Segment Start: Data supplied

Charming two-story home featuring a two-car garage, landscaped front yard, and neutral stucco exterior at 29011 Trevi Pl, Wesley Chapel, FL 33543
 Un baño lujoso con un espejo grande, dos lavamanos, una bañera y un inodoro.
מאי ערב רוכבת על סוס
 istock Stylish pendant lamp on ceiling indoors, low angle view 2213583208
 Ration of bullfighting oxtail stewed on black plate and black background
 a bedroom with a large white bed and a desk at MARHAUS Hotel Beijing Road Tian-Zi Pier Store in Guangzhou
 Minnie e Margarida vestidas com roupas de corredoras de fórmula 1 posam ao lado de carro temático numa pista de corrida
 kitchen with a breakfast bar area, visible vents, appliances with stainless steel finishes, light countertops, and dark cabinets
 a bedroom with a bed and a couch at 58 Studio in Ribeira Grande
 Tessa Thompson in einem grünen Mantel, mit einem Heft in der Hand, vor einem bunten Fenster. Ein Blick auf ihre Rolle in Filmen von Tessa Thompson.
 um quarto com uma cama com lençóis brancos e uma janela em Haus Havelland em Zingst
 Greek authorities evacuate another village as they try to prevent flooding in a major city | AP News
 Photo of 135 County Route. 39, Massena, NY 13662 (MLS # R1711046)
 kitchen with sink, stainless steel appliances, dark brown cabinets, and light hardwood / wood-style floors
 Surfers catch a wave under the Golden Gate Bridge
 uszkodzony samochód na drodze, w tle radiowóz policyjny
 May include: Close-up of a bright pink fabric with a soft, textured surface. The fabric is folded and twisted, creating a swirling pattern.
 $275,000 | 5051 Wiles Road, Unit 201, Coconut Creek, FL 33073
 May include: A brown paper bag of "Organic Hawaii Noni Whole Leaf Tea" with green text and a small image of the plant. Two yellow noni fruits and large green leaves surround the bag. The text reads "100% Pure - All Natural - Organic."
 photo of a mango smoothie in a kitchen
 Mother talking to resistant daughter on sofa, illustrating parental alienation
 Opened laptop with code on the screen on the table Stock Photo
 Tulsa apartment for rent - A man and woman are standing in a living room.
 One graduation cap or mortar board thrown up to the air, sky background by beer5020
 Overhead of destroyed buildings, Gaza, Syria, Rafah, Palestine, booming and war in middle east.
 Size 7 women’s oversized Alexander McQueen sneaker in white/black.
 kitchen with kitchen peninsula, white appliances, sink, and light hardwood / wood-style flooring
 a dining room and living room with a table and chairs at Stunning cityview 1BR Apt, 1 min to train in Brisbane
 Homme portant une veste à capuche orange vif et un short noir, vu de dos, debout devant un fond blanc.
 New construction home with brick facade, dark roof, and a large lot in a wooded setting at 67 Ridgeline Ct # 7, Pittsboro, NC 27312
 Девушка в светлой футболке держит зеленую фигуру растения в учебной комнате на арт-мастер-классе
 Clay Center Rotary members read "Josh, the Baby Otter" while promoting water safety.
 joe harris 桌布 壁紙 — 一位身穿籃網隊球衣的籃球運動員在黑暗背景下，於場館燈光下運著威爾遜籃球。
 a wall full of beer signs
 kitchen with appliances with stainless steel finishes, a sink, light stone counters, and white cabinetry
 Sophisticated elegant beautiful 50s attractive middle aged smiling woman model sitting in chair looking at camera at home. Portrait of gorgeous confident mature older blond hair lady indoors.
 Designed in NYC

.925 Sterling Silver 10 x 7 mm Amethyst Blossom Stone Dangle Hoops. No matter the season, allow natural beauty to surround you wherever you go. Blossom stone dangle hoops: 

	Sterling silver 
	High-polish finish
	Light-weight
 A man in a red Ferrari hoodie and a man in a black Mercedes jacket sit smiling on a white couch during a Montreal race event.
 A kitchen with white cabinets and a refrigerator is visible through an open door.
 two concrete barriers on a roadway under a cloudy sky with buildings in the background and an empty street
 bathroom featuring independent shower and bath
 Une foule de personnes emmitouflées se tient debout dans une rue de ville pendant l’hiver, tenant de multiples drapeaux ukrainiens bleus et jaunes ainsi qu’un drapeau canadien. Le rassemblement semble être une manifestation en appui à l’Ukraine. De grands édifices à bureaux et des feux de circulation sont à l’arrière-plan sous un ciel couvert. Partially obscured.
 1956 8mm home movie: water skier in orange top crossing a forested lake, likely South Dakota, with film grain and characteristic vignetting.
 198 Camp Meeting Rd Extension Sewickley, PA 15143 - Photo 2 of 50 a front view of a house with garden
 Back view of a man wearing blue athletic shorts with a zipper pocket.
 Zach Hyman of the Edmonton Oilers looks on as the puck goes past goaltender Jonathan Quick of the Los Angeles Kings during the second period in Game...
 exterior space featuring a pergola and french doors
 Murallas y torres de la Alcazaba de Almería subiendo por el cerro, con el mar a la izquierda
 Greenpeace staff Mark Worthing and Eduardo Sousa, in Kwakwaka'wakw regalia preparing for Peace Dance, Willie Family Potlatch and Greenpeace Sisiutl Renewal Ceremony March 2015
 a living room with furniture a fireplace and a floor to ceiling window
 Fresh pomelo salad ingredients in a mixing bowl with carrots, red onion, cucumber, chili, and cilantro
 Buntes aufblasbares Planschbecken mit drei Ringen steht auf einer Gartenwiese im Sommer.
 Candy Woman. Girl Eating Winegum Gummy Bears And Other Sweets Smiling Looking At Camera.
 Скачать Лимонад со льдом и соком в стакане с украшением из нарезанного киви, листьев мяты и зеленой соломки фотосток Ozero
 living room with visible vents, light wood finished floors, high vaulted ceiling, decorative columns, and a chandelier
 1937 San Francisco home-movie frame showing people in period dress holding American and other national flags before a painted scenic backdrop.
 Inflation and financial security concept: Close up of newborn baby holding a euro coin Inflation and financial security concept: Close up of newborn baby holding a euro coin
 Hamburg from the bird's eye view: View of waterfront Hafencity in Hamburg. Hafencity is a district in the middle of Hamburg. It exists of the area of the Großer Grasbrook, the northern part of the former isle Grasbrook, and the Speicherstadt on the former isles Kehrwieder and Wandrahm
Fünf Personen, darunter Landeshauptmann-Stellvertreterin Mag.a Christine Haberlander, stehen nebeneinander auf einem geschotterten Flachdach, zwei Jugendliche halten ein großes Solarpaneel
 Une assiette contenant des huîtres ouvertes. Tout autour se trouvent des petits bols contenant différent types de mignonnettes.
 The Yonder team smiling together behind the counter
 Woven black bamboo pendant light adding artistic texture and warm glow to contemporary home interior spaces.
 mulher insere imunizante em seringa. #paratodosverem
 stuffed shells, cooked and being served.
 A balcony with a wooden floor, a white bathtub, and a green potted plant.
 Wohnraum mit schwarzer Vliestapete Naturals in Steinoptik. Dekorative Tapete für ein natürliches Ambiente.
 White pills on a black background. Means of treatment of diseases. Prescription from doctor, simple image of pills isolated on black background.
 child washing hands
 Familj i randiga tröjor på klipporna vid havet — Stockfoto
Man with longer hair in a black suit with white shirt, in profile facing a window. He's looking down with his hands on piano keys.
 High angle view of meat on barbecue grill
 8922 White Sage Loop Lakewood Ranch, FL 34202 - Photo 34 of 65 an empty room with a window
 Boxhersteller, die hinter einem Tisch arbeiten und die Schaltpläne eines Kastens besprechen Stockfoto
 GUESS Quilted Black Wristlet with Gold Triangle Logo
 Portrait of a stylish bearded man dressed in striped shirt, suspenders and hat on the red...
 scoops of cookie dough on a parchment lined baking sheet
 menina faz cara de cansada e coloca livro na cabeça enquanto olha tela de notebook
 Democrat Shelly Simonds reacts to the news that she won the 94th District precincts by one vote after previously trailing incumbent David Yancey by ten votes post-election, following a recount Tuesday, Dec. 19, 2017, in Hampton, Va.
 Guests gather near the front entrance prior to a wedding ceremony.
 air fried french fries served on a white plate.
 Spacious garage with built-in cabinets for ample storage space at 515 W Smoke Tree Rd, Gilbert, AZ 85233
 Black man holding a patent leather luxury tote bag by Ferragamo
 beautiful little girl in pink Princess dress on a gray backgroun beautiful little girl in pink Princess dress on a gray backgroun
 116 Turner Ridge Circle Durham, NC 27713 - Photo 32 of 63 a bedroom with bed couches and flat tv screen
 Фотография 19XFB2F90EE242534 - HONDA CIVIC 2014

Segment End: Data supplied

Directions for this task
Please give back exactly the lines of the listing above that run from the one containing "May include: Close-up" through the one containing "Девушка в светлой", and only those.

Completed exercise
 May include: Close-up of a bright pink fabric with a soft, textured surface. The fabric is folded and twisted, creating a swirling pattern.
 $275,000 | 5051 Wiles Road, Unit 201, Coconut Creek, FL 33073
 May include: A brown paper bag of "Organic Hawaii Noni Whole Leaf Tea" with green text and a small image of the plant. Two yellow noni fruits and large green leaves surround the bag. The text reads "100% Pure - All Natural - Organic."
 photo of a mango smoothie in a kitchen
 Mother talking to resistant daughter on sofa, illustrating parental alienation
 Opened laptop with code on the screen on the table Stock Photo
 Tulsa apartment for rent - A man and woman are standing in a living room.
 One graduation cap or mortar board thrown up to the air, sky background by beer5020
 Overhead of destroyed buildings, Gaza, Syria, Rafah, Palestine, booming and war in middle east.
 Size 7 women’s oversized Alexander McQueen sneaker in white/black.
 kitchen with kitchen peninsula, white appliances, sink, and light hardwood / wood-style flooring
 a dining room and living room with a table and chairs at Stunning cityview 1BR Apt, 1 min to train in Brisbane
 Homme portant une veste à capuche orange vif et un short noir, vu de dos, debout devant un fond blanc.
 New construction home with brick facade, dark roof, and a large lot in a wooded setting at 67 Ridgeline Ct # 7, Pittsboro, NC 27312
 Девушка в светлой футболке держит зеленую фигуру растения в учебной комнате на арт-мастер-классе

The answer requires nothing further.